> **WORK INSTRUCTIONS**
Exact repetition of a range: find the line containing "4th image of 101 E Avenue B" and the line containing "Toyota Iq 2013 photo 3" in the material below, then repeat both and all lines between them, leaving pictures out.

> **SOURCE MATERIAL**
*** Begin section ***

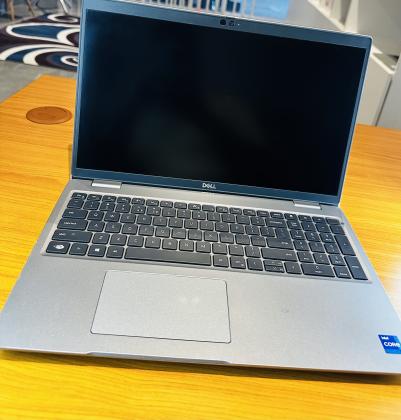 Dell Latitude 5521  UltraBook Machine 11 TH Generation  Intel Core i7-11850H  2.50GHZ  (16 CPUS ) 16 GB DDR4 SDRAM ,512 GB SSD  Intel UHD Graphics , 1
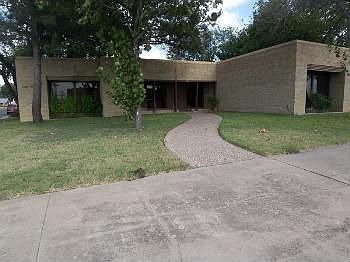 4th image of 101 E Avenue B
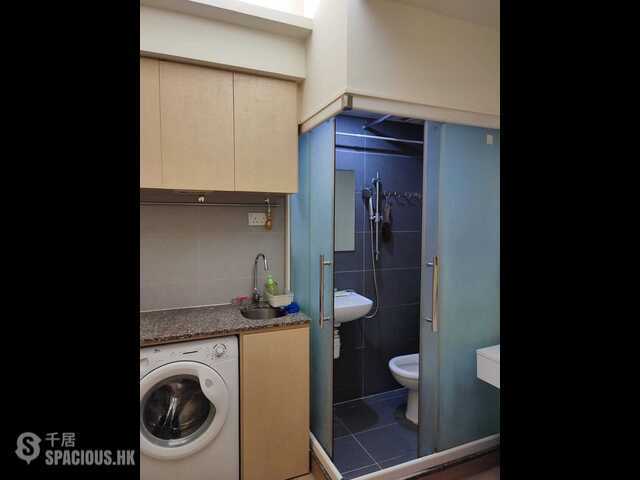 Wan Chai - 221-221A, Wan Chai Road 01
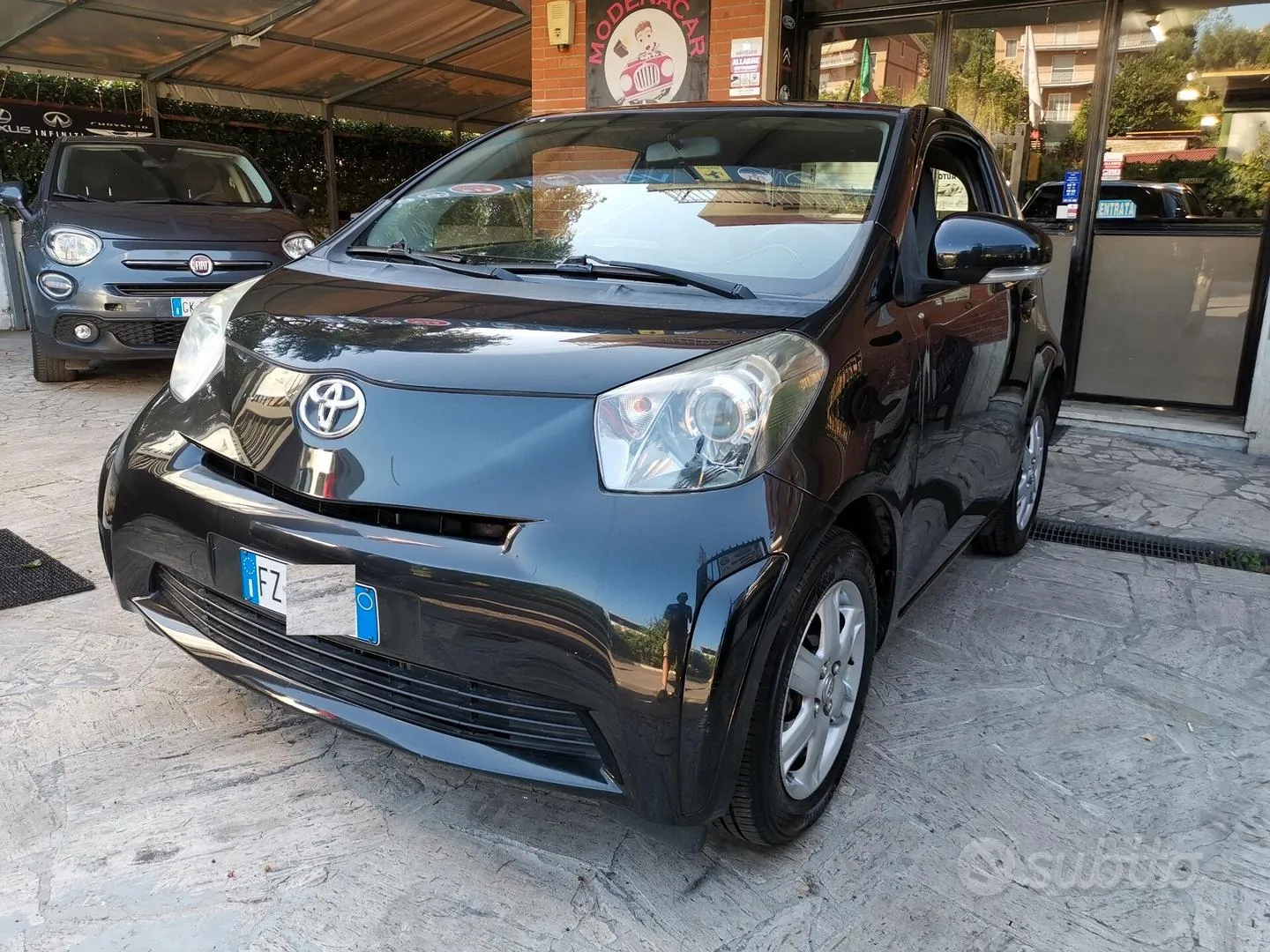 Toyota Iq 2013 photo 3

*** End section ***
*** Begin section ***

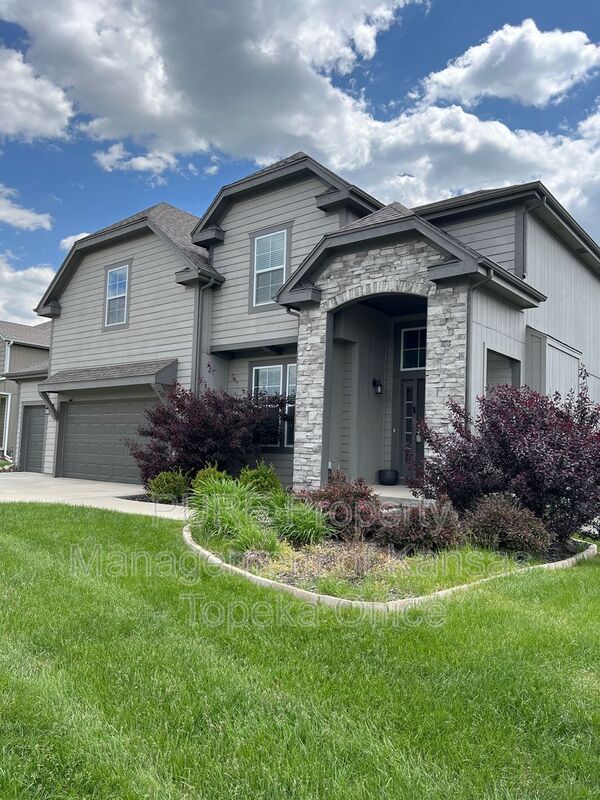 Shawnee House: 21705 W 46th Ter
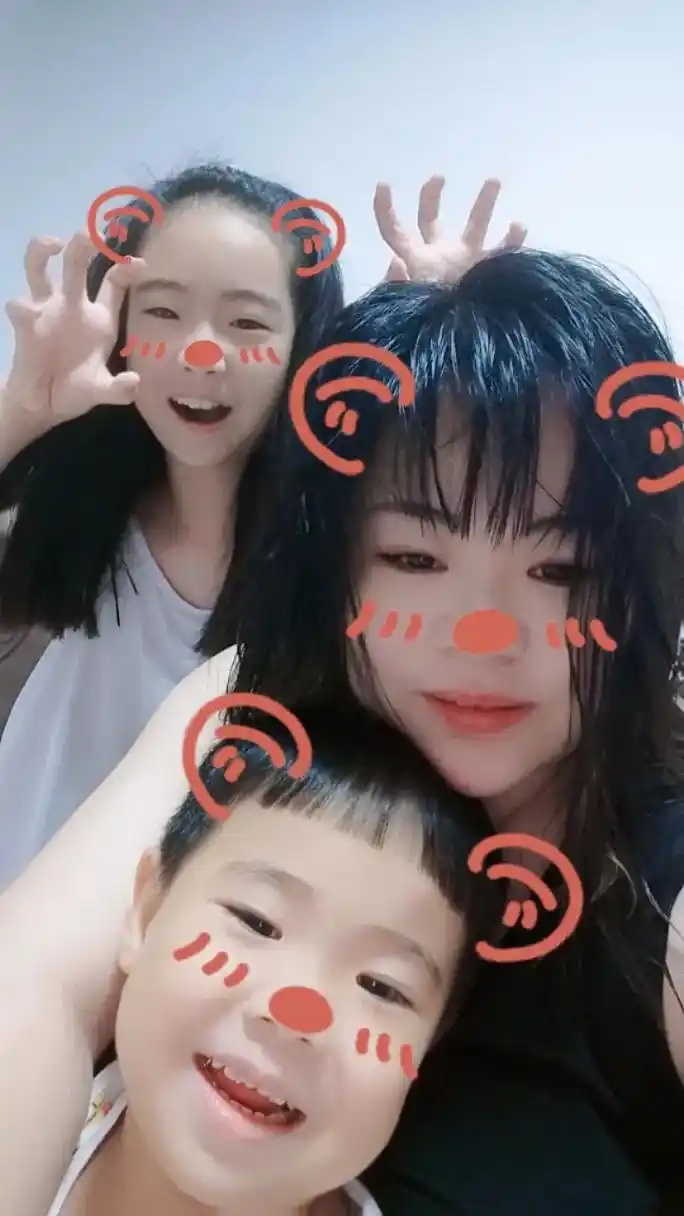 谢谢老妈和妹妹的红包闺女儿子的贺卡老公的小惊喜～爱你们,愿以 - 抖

*** End section ***

> **SOLUTION TO THIS TASK**
 4th image of 101 E Avenue B
 Wan Chai - 221-221A, Wan Chai Road 01
 Toyota Iq 2013 photo 3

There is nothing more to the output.